## Information provided
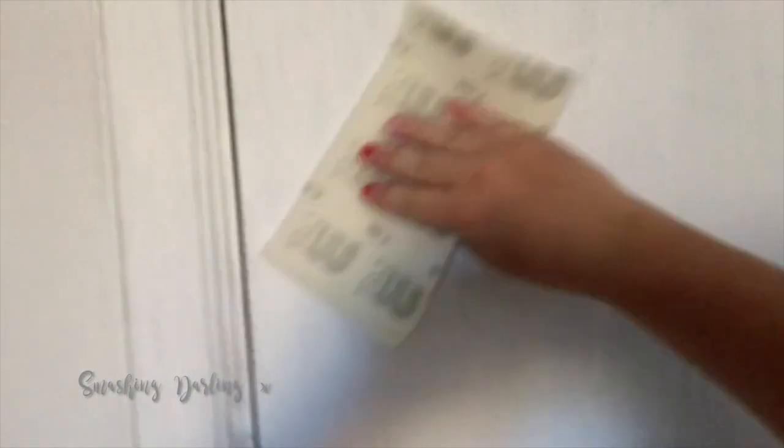Now it's time to sand it down a little bit, because chalk paint leaves a rough texture to the touch. I sanded it down just lightly and also emphasized the sides and edges to bring those features back to life a bit. I was really pleased with the whole thing — this process doesn't require lots of time and doesn't require you to dirty your whole house.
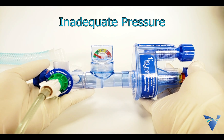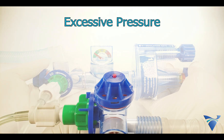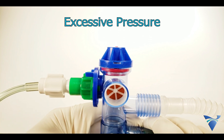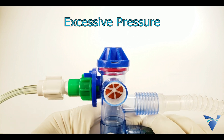Always verify the peak inspiratory pressure on the GoToVent's attached manometer and adjust the pressure dial as needed to ensure the proper tidal volume is set. In case of an obstruction that causes the pressure to build, the device is equipped with a safety pop-off valve that will open if pressures are in excess of 50 centimeters of water.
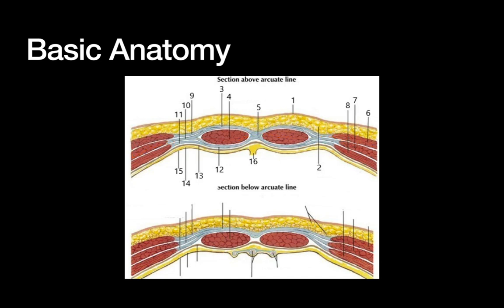We have three lateral muscles and then our medial muscles. The three lateral muscles are the external oblique, the internal oblique, and the transverse abdominis. Medially we have the rectus muscles. Deep to all that we have the transversalis fascia — that thin line right here — and below that is the peritoneal layer. In the middle we have the linea alba, where all the fascial aponeuroses fuse together.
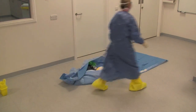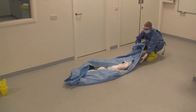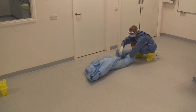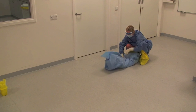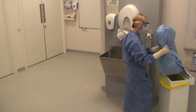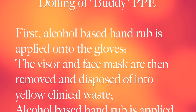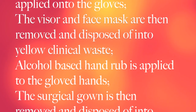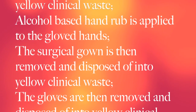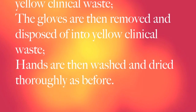The buddy then carefully folds the blue sheet into itself ensuring the contents do not spill onto the floor. The package is then disposed of into a yellow bag as clinical waste.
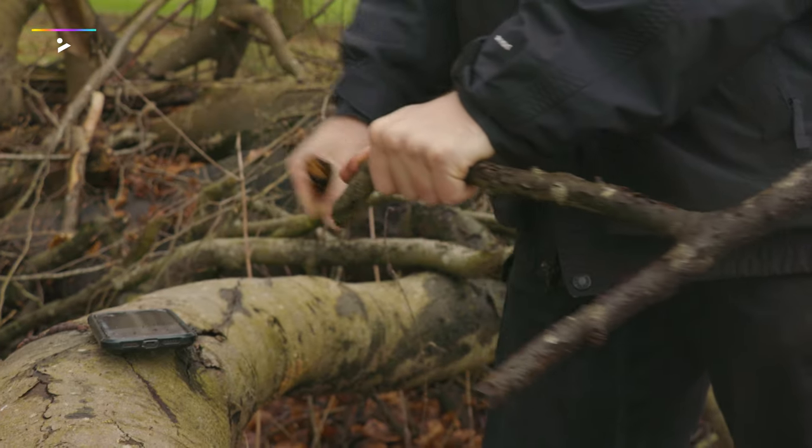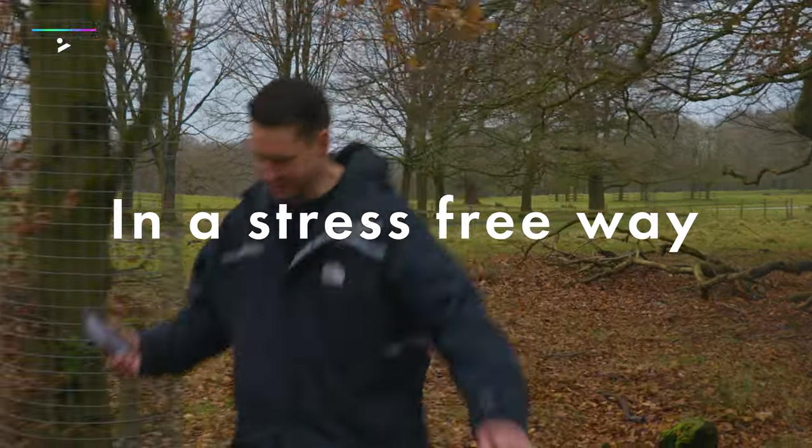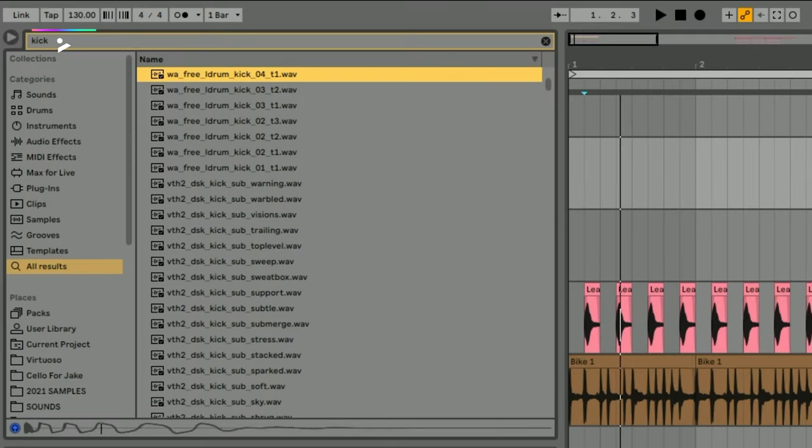We're going to grab some sounds from outside of the studio and get some ideas rolling in a really stress-free way. Listen to these kicks. Ours is better and it's a log.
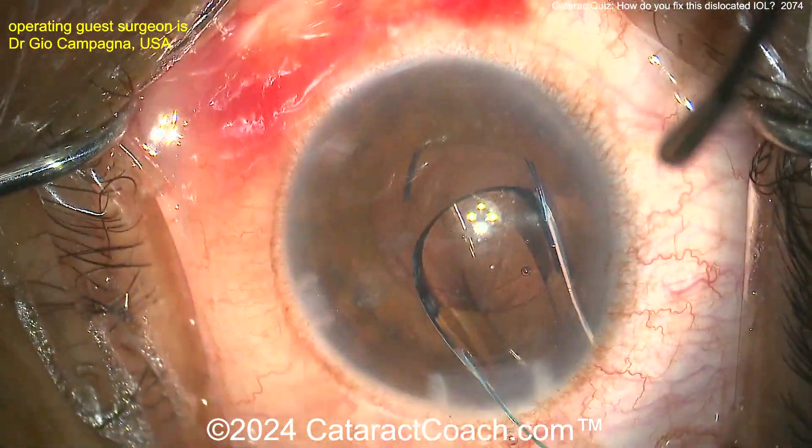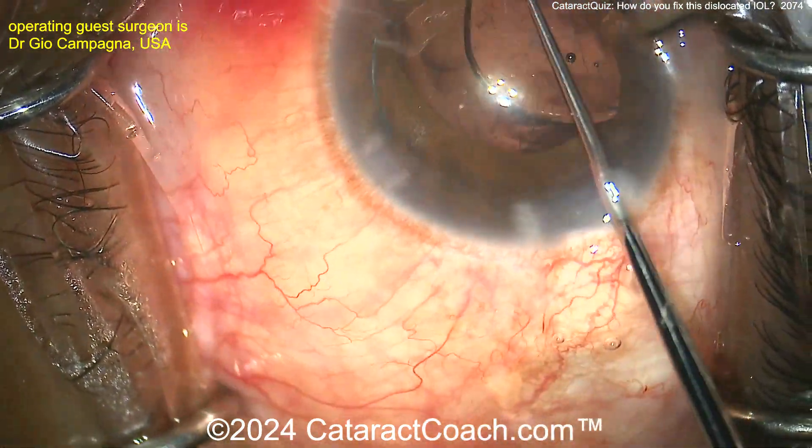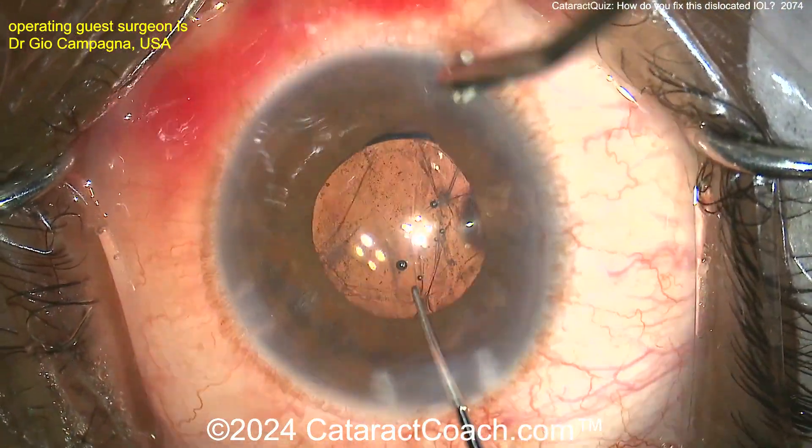Three-piece lens going right in. There is the leading haptic going out — there's the 7L rule, looks good in the correct orientation. Dial that in. Is there just enough sulcus support, or do you need to actually do something additional?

## Task details
The copy should hold exactly the lines above from the one with "The buddy then" through the one with "We're going to", both ends counted, and no pictures at all.

## Response
The buddy then carefully folds the blue sheet into itself ensuring the contents do not spill onto the floor. The package is then disposed of into a yellow bag as clinical waste.
We're going to grab some sounds from outside of the studio and get some ideas rolling in a really stress-free way. Listen to these kicks. Ours is better and it's a log.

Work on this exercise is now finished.